··· Given information

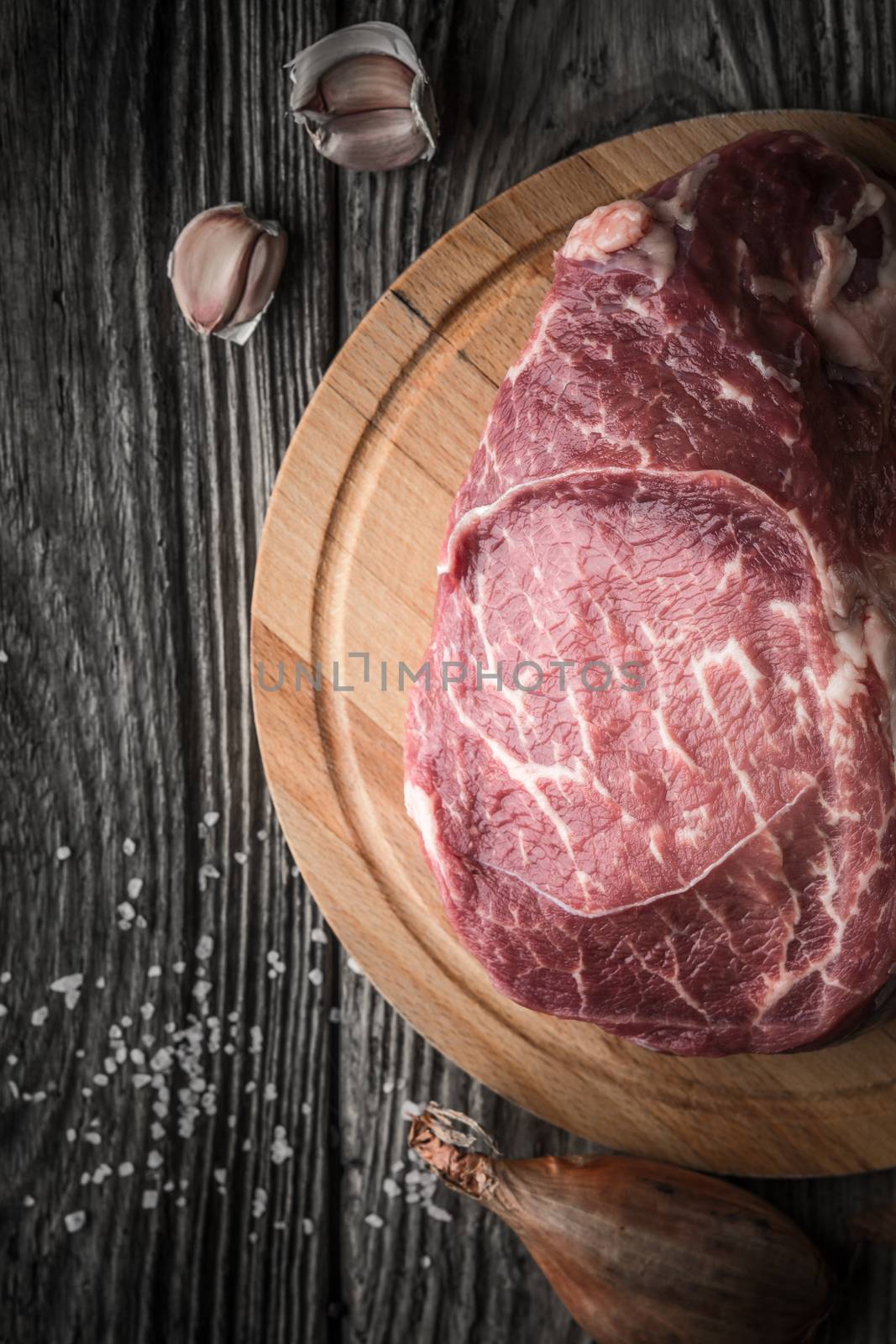 Raw angus beef  with seasoning on the wooden table vertical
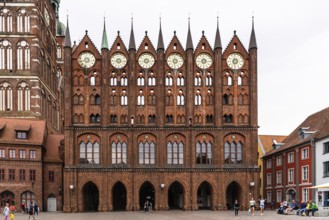 Stralsund, Germany, July 31, 2019: Scenic view of Alter Markt and the City Hall in the old town.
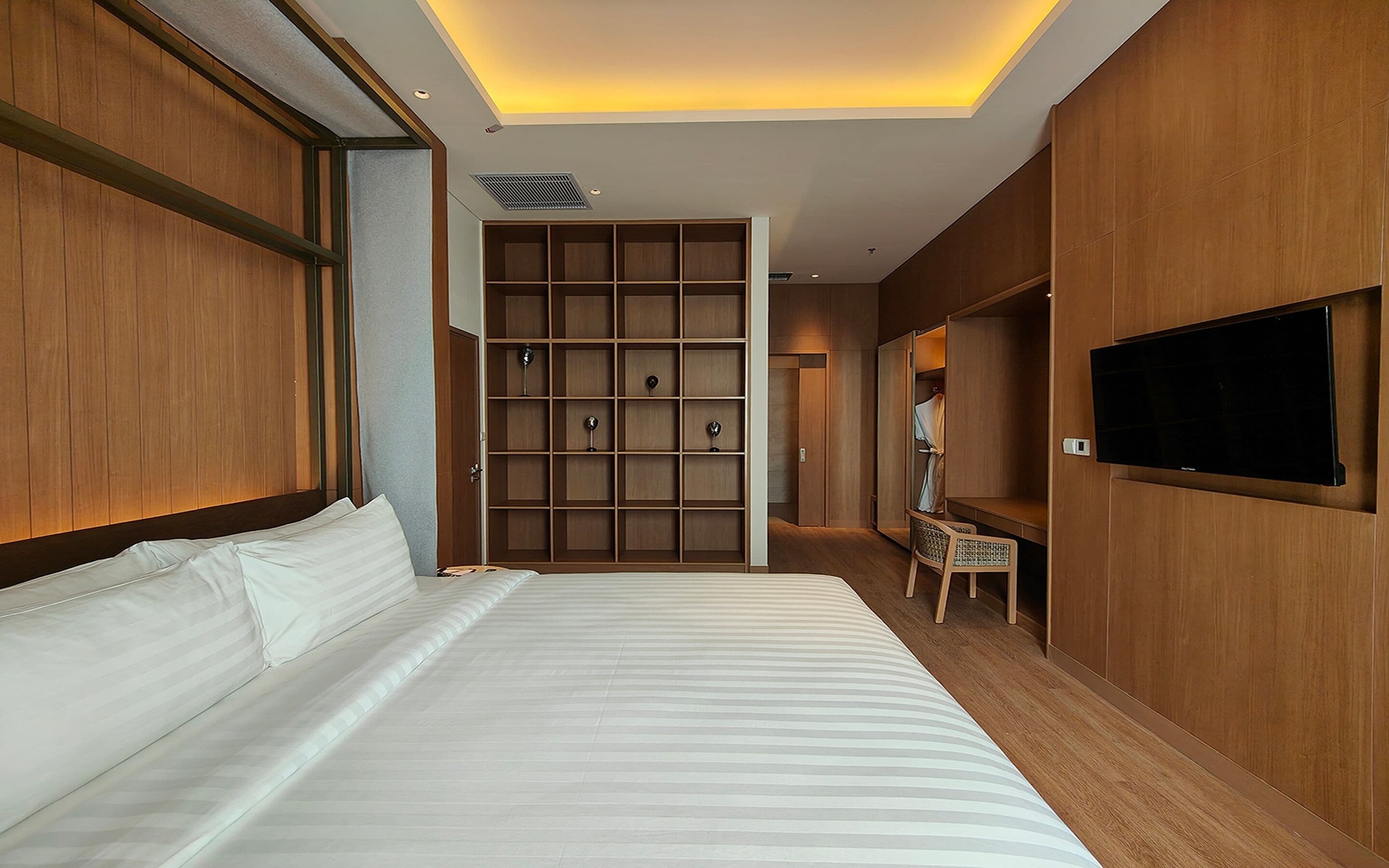 Habitación de hotel con una cama grande, paneles de madera, armario empotrado, televisor y zona de estar.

······

* _Action item_: Print the listing exactly, pictures excluded.

* _Your solution_:
 Raw angus beef  with seasoning on the wooden table vertical
 Stralsund, Germany, July 31, 2019: Scenic view of Alter Markt and the City Hall in the old town.
 Habitación de hotel con una cama grande, paneles de madera, armario empotrado, televisor y zona de estar.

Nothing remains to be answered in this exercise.